I think this is quite deliberate -- and is very French.
Also interesting is his comparison later on with Dante --
"This water-lily was the same, and it as also like one of those miserable creatures whose singular torment, repeated indefinitely throughout eternity, aroused the curiosity of Dante, who would have asked the tormented creature himself to recount its cause and its particularities at greater length had Virgil, striding on ahead, not forced him to hurry after immediately..., as my parents did me."

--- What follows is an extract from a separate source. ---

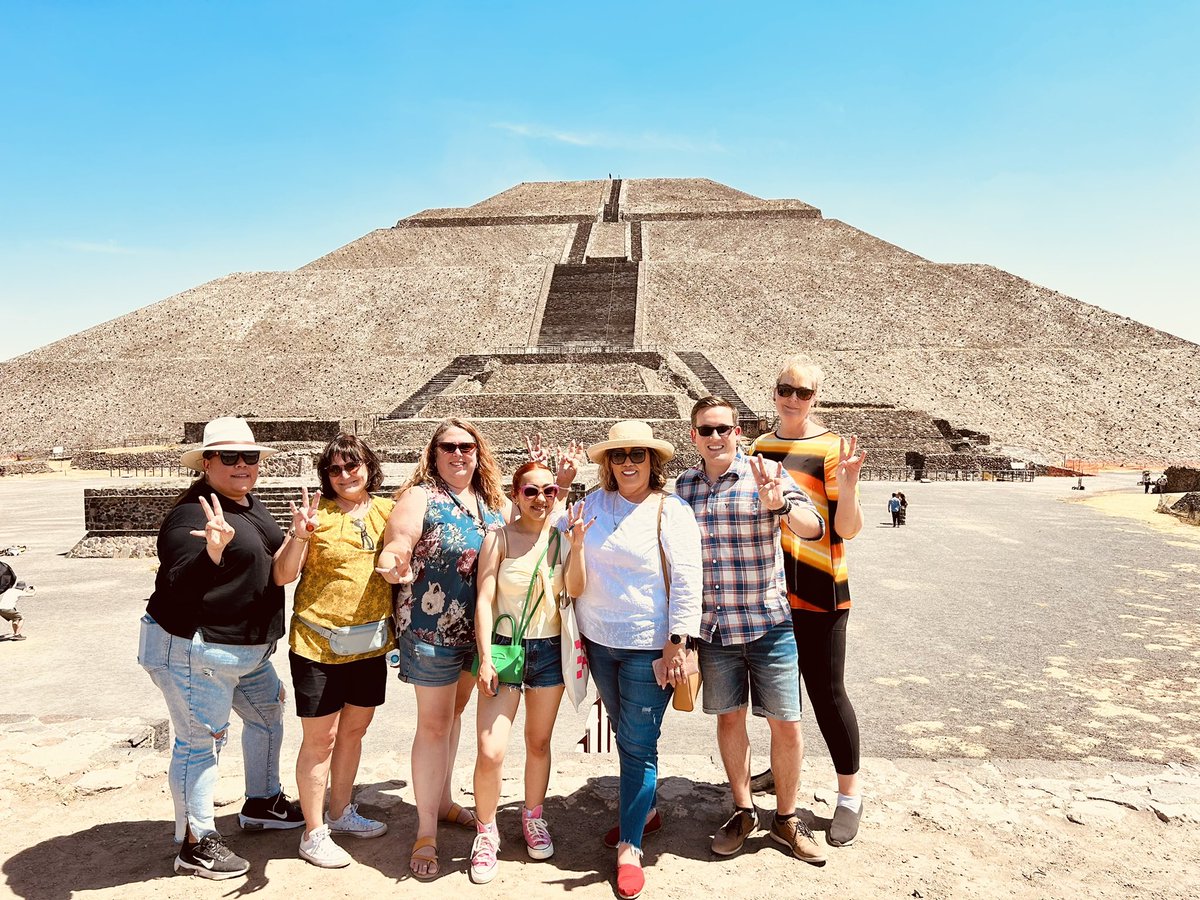 PGibbs77's tweet photo. Some of our ASU Preparatory Academy South Phoenix staff and I went on a trip to Mexico City!! This was planned by one of our amazing teachers. Lots of fun, adventures, and amazing staff bonding!! #asuprep #travel #mexicocity #education https://t.co/psaSQ6lUAF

Proust, for all his verbosity and intricacies, writes with great deliberation -- and has no difficulty drawing the reader's attention to key passages, key comparisons, and key images. Compare, e.g., the transcription of his first writing attempt of the three steeples, with the three farms that they see on the return from the walk on the Guermantes Way -- in each case, two huddling together, while the third lingers behind... -- with Proust and his parents... in the summer of his childhood.